Speaking as someone who on owns one bike and uses it pretty much daily I say the fact it is a hybrid has nothing much to do with it. As a few roadies with carbon bike have found when they try to out sprint me away from the lights 



Randochap said:


> ... There is no good argument for anything less than 25mm and better to use minimum 28s IMO for commuting, touring and long-distance riding. And experiment with tyre pressures somewhat less than orthodoxy insists. For instance, *unless you weigh 15 stone, a 28mm tyre needs no more than 70-80 psi.* You might be pleasantly surprised.



Experience tells me other wise, hit a bump with the tyres at least than 80 psi and you will be hearing that pssst pssst pssst sound that you really don't want to hear. For the record I have never weighted more that 13 stone.


----------



## Randochap (14 Dec 2009)

HJ said:


> Speaking as someone who on owns one bike and uses it pretty much daily I say the fact it is a hybrid has nothing much to do with it. As a few roadies with carbon bike have found when they try to out sprint me away from the lights



HJ, I'm necessarily generalizing for us ordinary riders and not speaking for Hairy Hard Men of the Highlands.
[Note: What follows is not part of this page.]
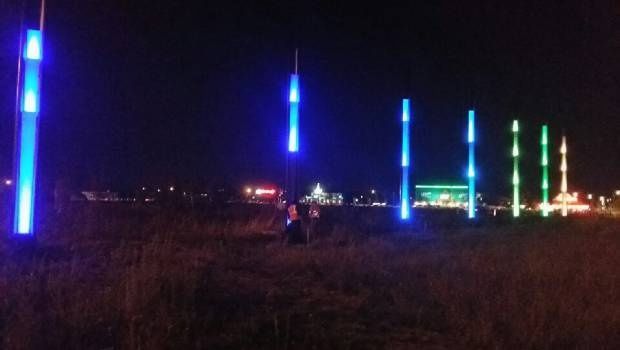 Des mâts lumineux en béton éclairent la route à Buchelay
> Experience tells me other wise, hit a bump with the tyres at least than 80 psi and you will be hearing that pssst pssst pssst sound that you really don't want to hear. For the record I have never weighted more that 13 stone.



Sure, I've gotten a pinch flat from hitting a pothole at speed with 700X23s @ 110psi ... and I weigh 130lbs wet. Pinch flats are less common with my 650 X 42bs @ 50psi. In fact, never had one.


----------



## MacB (14 Dec 2009)

is there is a difference in the propensity of a tyre to pinch puncture in relation to size alone? If you had all other things equal would a 23mm be more likely to pinch than a 32mm? I don't mean identical pressure but equalised, say 85psi in the 32 and 105 in the 23.


----------



## GrasB (14 Dec 2009)

toby123, which Spesh Armadillos have you got, All Condition or Nimbus? I've found the ACA one of the easiest tyres to get on, with my current rims I can fit the 700x28C ACAs with my fingers alone & only need 2 tyre levers to get the tyre off until I can get my fingers between the rim & bead. 



Randochap said:


> Currently, the best r&d in this area (balance between speed and durability) is going into the 650b size, with a new 38mm "Pari-Moto" about to hit the scene...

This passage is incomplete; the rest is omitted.